Reproduce each line of the material exactly, minus any picture.

(Beginning of EXTRACTED RECORDS)

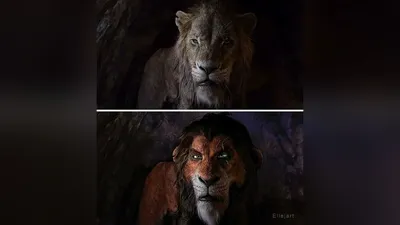 Король Лев» в реальности: Бабуин взял львёнка на руки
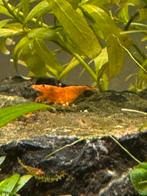 Orange sakura garnalen, Dieren en Toebehoren, Kreeft, Krab of Garnaal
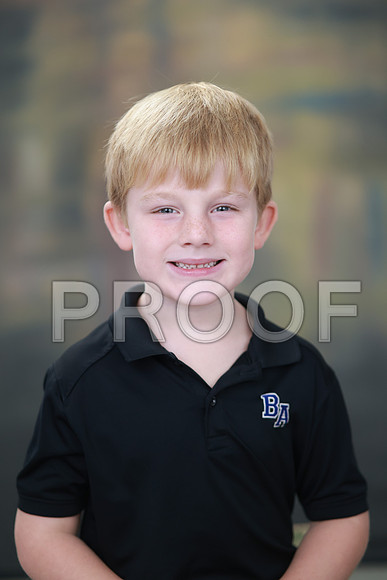 SDY_0347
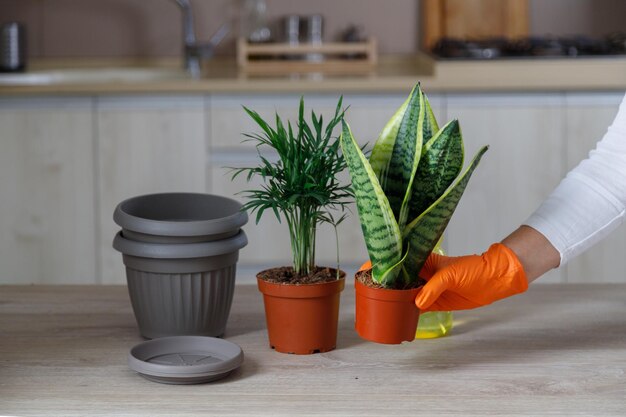 Woman replanting flowers in a new grey pots the houseplant transplant at home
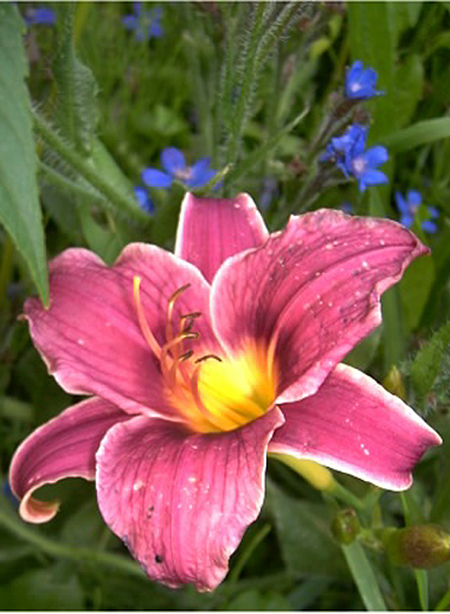 Photos Hemerocallis - Daylily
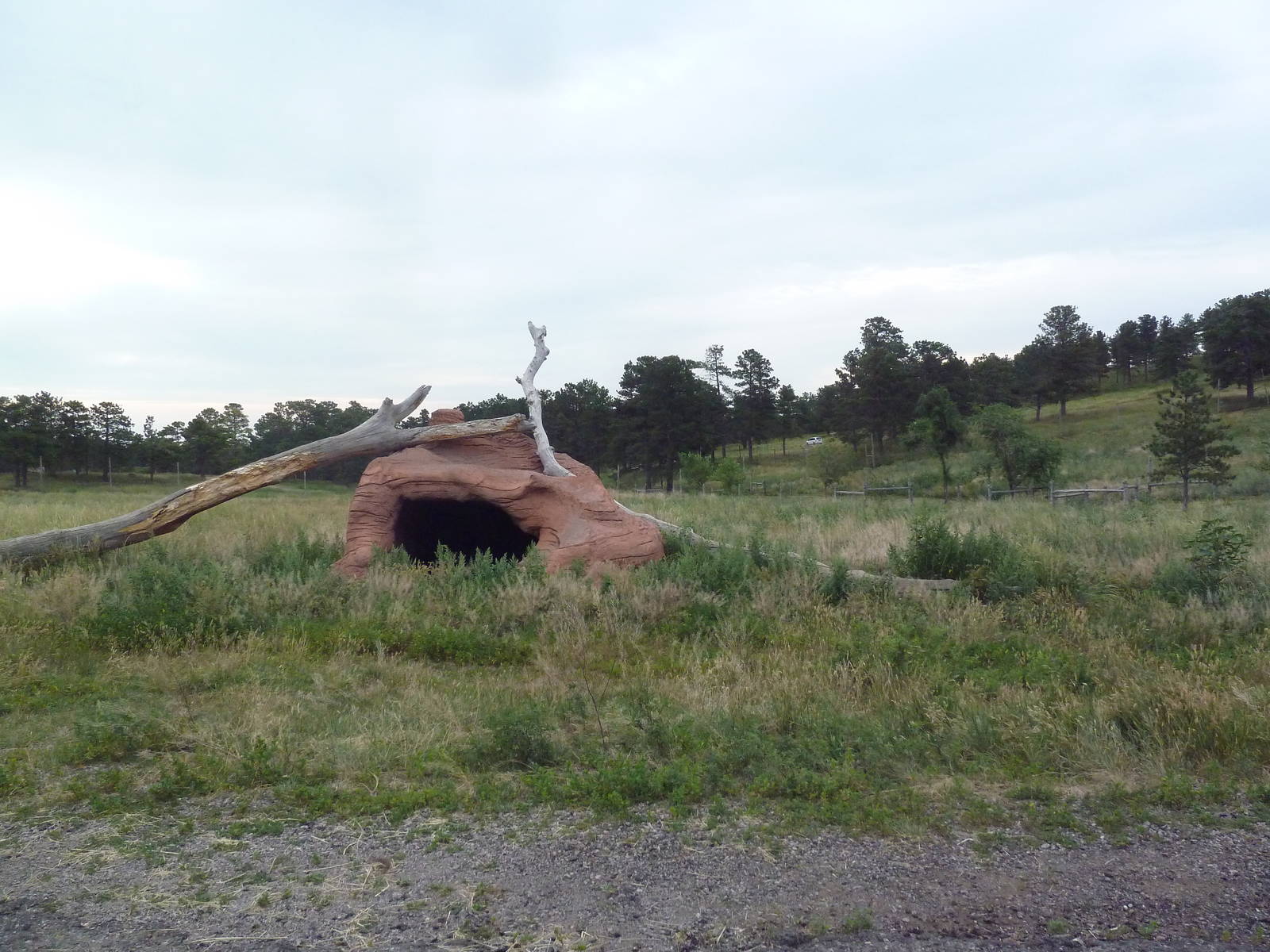 Drive-Thru Section - American Black Bear Area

(End of EXTRACTED RECORDS)

RESPONSE AREA —
 Король Лев» в реальности: Бабуин взял львёнка на руки
 Orange sakura garnalen, Dieren en Toebehoren, Kreeft, Krab of Garnaal
 SDY_0347
 Woman replanting flowers in a new grey pots the houseplant transplant at home
 Photos Hemerocallis - Daylily
 Drive-Thru Section - American Black Bear Area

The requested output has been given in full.